O livro está dividido em capítulos. Cada capítulo tem um nome. Em lugar de palavras que contam uma história, cada capítulo contem desenhos que mostram momentos que contam histórias. E regressamos à questão de saber o que apareceu primeiro, a imagem ou a palavra. E perguntamos o que é mais importante. Neste livro o verbo é equivalente à imagem. Porque escrever DO MAR, O PRINCÍPIO E O FIM ou PARA ALÉM DAS ESTAÇÕES DO ANO ou ainda DA MELANCOLIA é evocar a transcendência dos momentos, o vibrar das emoções e o desenrolar da vida. O que Vanessa Branco fez foi escrever um livro onde as palavras são desenhos do Tomaz. Imaginam esse discurso em papel couché? Seria um desastre. Estragaria a beleza da simplicidade que envolve a feitura deste livro.

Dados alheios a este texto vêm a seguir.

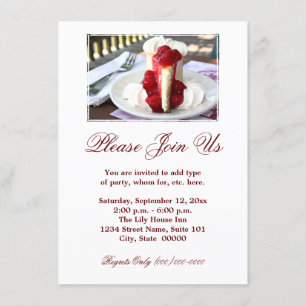 Cheesecake Invitations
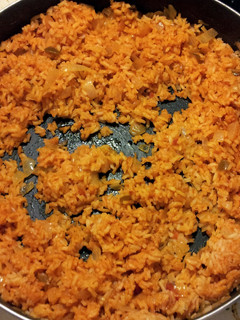A picture of Spanish Rice.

Por seu lado o editor ao dar cobertura a este tipo de livro também participa na sua magia e  acentua a ideia de que o Tomaz é um primitivo. Porque percebe-se que existe uma forte ligação à sua tribo, neste caso o povo da ilha. De certo modo ele é um exorcista porque penetra bem fundo na alma açoriana e expõe à luz do dia os seus fantasmas. E as pessoas compreendem-no e compreendendo-o conhecem-se melhor a si próprias.

No fim do livro existe uma página com um pequeno texto do Tomaz. Nesse texto, em seis parágrafos, alguns de apenas uma linha, ele diz tudo sobre o desenho. No último diz: “Liberto-me daquilo que desenho”. O que Vanessa Branco fez foi pegar nessas libertações, incorporá-las no seu ser sensível e distribuí-las pelas páginas do livro de modo a criar uma história coerente. História que não obedece à racionalidade do tempo, mas à eficácia da emoção.
 
 
José Maria França Machado.
 
Texto de apresentação do livro Uns Mais Outros Menos de Vanessa Branco e seleção de desenhos de Tomaz Borba Vieira.